Mentari melepaskan pelukannya, kemudian mencium tangan wanita itu dengan lembut dan sopan.
"Besan, kami pulang dulu, titip mereka semua," ucap Juminten dengan lembut.
"Baik, kalian juga harus hati-hati," jawab Inem dengan lembut.
Cahaya memeluk ummi nya dengan sangat lembut, kemudian dia mencium wanita itu dengan lembut.
"Assalamualaikum semuanya," ucap Juminten dengan lembut.
"Waalaikumsalam," jawab semua dengan serempak.
Mentari dan kedua orang tuanya bergegas pergi dari sana, dan gadis itu sempat melambaikan tangan ke arah Putra membuat pria itu tersenyum.
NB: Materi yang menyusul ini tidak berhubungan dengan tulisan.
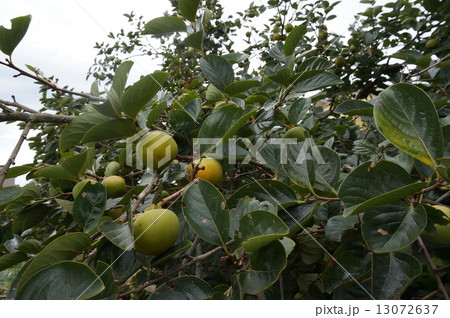 柿の実 柿の実 13072637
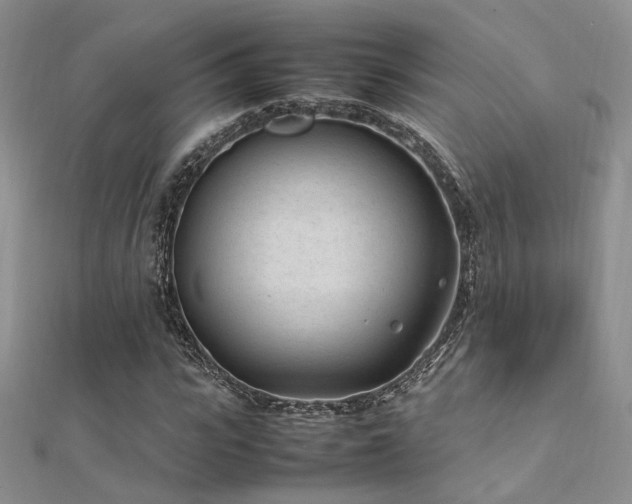 X0000112410919200908141357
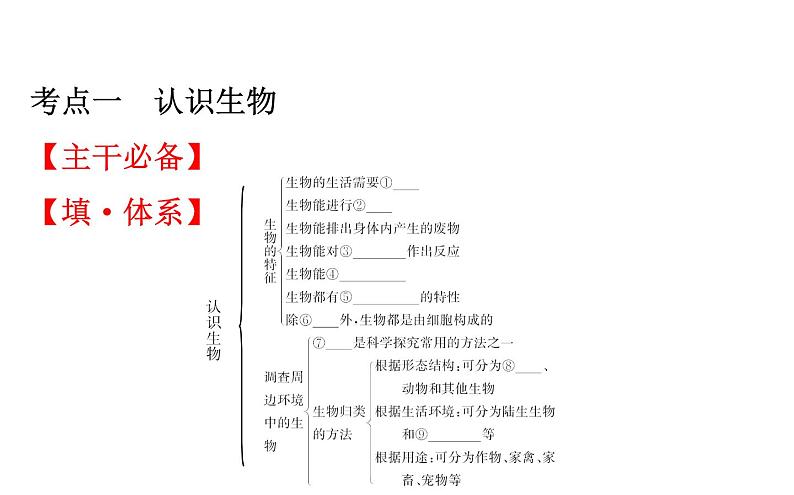 2021-2022学年人教版生物中考复习之生物和生物圈课件PPT第2页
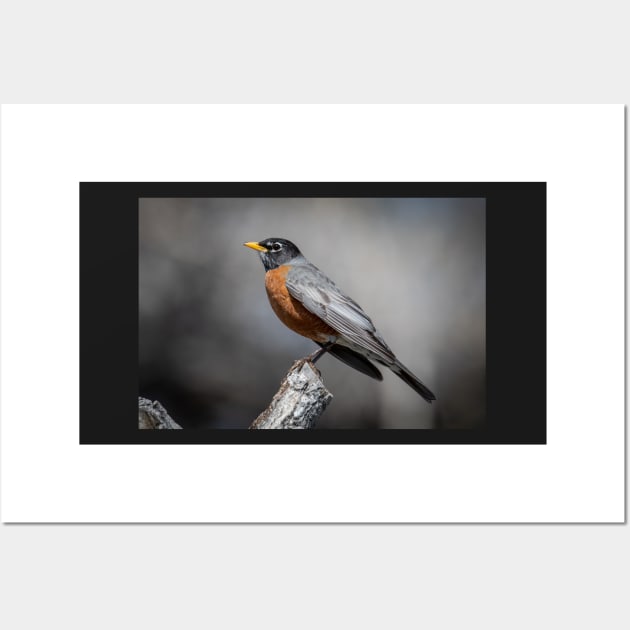 American Robin Wall Art by gdb2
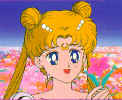 princessflowerclose_small.jpg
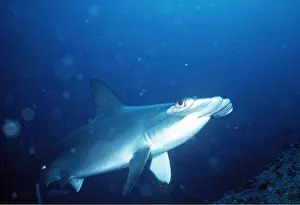 Scalloped Hammerhead Shark
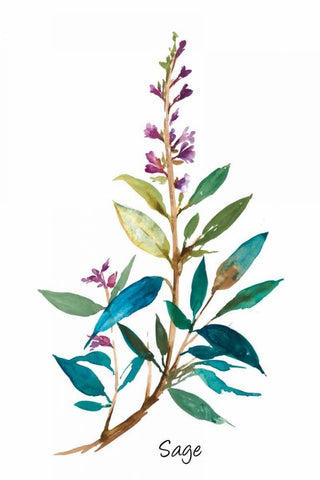 Sage II White Modern Wood Framed Art Print with Double Matting by Jensen, Asia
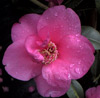 Picture of Camellia Gay Baby Std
'Sakit sekali berpisah seperti ini, aku ingin secepatnya menghalalkan Mentari, dan kami akan bersama selamanya,' batin Putra lirih.
Keluarga Mentari sudah tidak terlihat lagi, dan Putra berpamitan pulang karena dia ingin menenangkan hatinya yang sedih karena perpisahan mereka.
Sedangkan Cahaya, masih bersama sang mertua di ruang tamu sambil menyusun semua kado dari tamu undangan untuk Cahazar.
"Setelah ini ummi dan abah pulang, kalian yang akur dan jaga Cahazar bersamaan, karena tidak ada lagi yang membantu Cahaya," ucap Inem dengan lembut.
"Baik, Ummi!" jawab Abidzar dan Cahaya bersamaan.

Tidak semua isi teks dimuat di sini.